(Exercise materials)

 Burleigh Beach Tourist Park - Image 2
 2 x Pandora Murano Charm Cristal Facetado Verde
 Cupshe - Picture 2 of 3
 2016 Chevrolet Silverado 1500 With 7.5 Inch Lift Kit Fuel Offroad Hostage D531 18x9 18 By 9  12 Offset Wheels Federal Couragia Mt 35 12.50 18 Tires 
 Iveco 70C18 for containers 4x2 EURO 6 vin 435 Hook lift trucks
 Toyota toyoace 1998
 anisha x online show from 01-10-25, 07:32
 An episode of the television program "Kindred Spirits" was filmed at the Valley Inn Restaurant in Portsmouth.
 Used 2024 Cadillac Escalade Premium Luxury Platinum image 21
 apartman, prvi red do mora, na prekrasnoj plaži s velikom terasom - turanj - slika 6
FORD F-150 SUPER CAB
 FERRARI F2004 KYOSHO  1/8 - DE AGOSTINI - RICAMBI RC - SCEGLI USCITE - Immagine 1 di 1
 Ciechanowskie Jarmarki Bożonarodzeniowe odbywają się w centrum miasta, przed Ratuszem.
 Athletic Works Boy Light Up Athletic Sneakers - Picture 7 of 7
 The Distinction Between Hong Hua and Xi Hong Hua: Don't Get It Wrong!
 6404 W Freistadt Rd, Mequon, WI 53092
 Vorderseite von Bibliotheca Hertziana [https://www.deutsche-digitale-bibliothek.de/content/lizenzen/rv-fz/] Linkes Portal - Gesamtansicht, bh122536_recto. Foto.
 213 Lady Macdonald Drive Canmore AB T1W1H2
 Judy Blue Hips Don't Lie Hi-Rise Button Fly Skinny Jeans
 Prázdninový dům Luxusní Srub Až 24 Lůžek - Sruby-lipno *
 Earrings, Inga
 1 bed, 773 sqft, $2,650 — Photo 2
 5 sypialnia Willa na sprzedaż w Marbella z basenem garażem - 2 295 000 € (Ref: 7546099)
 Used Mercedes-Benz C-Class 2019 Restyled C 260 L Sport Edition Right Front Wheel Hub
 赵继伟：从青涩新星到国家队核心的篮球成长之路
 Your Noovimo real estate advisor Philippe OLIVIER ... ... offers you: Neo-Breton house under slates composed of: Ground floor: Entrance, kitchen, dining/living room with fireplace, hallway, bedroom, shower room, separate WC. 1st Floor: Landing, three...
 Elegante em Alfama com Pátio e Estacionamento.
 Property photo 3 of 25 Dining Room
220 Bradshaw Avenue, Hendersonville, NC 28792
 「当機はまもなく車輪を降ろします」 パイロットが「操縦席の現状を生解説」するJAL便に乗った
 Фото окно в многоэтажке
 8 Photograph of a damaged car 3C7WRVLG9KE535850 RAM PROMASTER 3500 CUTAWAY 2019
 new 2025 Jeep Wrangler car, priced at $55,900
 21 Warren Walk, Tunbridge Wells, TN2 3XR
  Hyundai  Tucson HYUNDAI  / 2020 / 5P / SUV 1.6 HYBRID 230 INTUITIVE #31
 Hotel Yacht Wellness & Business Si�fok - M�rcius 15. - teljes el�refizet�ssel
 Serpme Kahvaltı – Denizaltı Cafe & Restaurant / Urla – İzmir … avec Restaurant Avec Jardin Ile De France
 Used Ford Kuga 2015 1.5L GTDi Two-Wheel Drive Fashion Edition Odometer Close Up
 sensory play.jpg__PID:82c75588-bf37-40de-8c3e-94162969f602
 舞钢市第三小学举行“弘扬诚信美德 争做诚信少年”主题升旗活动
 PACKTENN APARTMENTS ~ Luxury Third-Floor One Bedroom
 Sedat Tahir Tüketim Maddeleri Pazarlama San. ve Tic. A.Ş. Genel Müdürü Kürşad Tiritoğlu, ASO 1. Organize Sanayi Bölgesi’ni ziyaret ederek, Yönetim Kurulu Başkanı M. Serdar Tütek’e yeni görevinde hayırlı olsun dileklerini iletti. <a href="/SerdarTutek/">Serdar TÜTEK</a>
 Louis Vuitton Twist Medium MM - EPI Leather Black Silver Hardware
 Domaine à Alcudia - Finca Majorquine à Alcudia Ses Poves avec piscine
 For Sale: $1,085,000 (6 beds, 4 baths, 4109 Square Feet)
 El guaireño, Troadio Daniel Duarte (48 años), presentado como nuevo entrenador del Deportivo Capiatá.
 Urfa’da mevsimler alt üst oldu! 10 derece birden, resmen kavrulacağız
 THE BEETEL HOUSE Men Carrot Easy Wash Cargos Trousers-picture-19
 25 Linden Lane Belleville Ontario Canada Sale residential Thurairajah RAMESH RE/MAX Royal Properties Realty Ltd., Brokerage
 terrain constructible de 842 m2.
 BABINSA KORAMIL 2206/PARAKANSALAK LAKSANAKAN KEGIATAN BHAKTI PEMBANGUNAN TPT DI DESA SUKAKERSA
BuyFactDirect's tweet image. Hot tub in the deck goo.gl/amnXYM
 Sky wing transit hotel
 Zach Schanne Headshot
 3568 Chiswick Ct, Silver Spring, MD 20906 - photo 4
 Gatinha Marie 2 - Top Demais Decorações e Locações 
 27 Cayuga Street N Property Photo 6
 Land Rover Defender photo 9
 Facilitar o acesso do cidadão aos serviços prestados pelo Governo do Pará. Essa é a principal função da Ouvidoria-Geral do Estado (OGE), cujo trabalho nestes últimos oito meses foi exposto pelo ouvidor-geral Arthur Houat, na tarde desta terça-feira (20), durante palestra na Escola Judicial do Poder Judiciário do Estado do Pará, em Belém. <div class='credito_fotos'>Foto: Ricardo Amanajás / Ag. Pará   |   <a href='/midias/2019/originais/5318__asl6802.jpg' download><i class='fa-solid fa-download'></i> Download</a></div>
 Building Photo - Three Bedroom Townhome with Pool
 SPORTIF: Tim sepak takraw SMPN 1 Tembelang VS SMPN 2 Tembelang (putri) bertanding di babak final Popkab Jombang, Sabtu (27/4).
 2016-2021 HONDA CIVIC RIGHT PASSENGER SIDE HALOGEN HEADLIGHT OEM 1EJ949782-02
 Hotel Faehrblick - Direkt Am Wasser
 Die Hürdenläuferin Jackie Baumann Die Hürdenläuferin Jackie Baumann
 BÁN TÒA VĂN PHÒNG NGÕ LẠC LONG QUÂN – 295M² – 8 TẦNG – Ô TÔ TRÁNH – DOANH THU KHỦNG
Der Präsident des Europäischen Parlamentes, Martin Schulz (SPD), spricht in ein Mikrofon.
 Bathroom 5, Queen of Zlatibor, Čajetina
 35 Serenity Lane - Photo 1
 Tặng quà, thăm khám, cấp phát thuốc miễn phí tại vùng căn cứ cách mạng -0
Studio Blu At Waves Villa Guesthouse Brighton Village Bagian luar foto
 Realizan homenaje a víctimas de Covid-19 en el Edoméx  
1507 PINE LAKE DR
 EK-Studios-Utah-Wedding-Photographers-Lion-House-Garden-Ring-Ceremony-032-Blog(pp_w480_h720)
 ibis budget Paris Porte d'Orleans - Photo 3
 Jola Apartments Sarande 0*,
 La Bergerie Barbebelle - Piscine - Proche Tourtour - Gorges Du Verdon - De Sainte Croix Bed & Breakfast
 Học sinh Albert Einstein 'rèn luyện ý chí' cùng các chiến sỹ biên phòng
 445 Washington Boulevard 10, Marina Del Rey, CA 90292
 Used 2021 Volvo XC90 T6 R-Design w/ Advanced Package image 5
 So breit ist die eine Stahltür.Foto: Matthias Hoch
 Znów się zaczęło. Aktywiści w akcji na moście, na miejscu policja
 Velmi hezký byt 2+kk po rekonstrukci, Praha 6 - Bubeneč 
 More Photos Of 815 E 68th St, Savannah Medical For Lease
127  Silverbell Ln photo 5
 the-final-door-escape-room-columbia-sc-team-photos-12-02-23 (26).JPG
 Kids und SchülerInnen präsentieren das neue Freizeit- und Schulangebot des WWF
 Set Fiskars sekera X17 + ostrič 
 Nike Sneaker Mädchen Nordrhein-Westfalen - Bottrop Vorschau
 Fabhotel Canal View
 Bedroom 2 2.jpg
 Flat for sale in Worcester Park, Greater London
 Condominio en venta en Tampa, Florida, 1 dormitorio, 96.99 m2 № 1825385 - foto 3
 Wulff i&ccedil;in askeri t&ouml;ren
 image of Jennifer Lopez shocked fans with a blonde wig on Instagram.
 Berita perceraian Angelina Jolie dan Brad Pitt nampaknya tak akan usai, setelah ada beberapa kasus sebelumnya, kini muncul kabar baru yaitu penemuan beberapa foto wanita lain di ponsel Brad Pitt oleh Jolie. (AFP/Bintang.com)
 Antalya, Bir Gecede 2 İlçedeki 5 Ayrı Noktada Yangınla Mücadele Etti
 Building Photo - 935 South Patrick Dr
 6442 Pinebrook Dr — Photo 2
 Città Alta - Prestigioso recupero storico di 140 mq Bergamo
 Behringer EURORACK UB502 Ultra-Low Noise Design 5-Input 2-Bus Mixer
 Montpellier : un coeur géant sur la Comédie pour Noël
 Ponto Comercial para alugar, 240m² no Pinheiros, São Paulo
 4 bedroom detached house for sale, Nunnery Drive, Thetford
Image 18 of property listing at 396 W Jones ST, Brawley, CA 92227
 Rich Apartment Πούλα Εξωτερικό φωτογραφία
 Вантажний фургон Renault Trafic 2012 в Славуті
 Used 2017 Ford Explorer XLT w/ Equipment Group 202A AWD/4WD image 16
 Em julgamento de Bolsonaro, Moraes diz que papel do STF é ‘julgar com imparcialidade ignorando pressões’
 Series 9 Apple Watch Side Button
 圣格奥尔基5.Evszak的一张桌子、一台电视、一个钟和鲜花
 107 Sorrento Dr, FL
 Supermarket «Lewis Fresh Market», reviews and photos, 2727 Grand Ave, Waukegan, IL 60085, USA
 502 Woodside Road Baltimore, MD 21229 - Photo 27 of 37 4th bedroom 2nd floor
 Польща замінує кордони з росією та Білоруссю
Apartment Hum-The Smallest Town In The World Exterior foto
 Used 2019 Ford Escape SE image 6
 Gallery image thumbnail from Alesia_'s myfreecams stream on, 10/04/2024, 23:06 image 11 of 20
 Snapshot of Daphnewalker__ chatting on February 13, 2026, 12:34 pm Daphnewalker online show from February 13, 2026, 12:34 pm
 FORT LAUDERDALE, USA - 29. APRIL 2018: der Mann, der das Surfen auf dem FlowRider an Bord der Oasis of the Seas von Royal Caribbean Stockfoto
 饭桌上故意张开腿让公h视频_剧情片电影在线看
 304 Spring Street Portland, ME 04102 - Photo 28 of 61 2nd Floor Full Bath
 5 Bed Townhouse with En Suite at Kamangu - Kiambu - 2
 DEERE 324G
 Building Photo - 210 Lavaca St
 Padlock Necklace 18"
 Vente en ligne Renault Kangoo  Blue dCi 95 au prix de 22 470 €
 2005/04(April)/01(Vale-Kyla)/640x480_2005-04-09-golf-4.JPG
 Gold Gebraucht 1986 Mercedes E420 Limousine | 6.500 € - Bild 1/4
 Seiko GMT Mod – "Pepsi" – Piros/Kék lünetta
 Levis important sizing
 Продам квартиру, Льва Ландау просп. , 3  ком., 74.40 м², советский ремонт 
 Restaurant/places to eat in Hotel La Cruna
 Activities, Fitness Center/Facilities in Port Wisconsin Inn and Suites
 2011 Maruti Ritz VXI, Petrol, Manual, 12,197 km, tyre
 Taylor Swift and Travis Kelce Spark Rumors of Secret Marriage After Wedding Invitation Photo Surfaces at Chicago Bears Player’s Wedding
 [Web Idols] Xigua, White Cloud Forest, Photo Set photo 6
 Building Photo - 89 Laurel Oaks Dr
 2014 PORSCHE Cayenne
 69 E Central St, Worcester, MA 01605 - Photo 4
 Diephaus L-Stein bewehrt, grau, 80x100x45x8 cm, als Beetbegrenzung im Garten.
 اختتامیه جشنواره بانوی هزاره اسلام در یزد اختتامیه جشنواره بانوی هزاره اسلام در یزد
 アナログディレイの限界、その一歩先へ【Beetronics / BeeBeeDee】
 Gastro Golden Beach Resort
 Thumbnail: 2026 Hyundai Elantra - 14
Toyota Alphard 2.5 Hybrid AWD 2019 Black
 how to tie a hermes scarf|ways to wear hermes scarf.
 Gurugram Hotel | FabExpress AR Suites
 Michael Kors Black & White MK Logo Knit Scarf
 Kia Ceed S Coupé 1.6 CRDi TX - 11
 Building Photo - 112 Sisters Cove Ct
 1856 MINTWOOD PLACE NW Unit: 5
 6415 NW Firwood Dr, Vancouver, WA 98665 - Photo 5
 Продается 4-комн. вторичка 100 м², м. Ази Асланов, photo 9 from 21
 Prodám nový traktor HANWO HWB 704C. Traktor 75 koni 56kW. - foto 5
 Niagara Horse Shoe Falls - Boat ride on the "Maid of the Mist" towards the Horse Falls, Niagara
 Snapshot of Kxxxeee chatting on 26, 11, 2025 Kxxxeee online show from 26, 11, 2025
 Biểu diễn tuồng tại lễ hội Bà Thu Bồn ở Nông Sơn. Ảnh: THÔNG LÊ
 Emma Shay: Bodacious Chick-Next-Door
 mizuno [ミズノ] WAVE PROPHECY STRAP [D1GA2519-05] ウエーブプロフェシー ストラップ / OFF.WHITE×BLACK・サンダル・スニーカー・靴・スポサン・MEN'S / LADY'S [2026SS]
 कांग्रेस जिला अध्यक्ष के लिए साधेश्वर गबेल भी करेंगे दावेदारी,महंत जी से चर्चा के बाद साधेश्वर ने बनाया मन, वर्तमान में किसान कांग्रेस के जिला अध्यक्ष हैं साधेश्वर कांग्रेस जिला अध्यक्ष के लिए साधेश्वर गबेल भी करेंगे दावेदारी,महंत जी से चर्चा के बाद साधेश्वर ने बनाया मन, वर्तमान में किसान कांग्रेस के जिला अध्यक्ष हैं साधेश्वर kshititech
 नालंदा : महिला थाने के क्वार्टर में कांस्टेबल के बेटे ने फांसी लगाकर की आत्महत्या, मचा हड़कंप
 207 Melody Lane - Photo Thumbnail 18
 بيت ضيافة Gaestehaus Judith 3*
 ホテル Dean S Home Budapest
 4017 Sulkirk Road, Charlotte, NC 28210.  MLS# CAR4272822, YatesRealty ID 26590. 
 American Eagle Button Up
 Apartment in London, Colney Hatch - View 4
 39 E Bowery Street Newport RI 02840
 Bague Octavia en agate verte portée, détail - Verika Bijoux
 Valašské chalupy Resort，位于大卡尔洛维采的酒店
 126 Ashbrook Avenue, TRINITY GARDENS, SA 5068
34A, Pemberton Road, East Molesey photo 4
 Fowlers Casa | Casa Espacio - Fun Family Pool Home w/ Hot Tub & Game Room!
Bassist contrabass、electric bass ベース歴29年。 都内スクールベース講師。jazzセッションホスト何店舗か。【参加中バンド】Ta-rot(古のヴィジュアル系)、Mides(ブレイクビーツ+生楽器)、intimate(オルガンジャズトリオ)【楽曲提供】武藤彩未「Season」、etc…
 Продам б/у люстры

(End Exercise materials)

● **Problem description**
Would you please write out, exactly and with no other lines, the stretch of the listing above from the line containing "FORT LAUDERDALE, USA" through the line containing "304 Spring Street"?

● **Task answer**
 FORT LAUDERDALE, USA - 29. APRIL 2018: der Mann, der das Surfen auf dem FlowRider an Bord der Oasis of the Seas von Royal Caribbean Stockfoto
 饭桌上故意张开腿让公h视频_剧情片电影在线看
 304 Spring Street Portland, ME 04102 - Photo 28 of 61 2nd Floor Full Bath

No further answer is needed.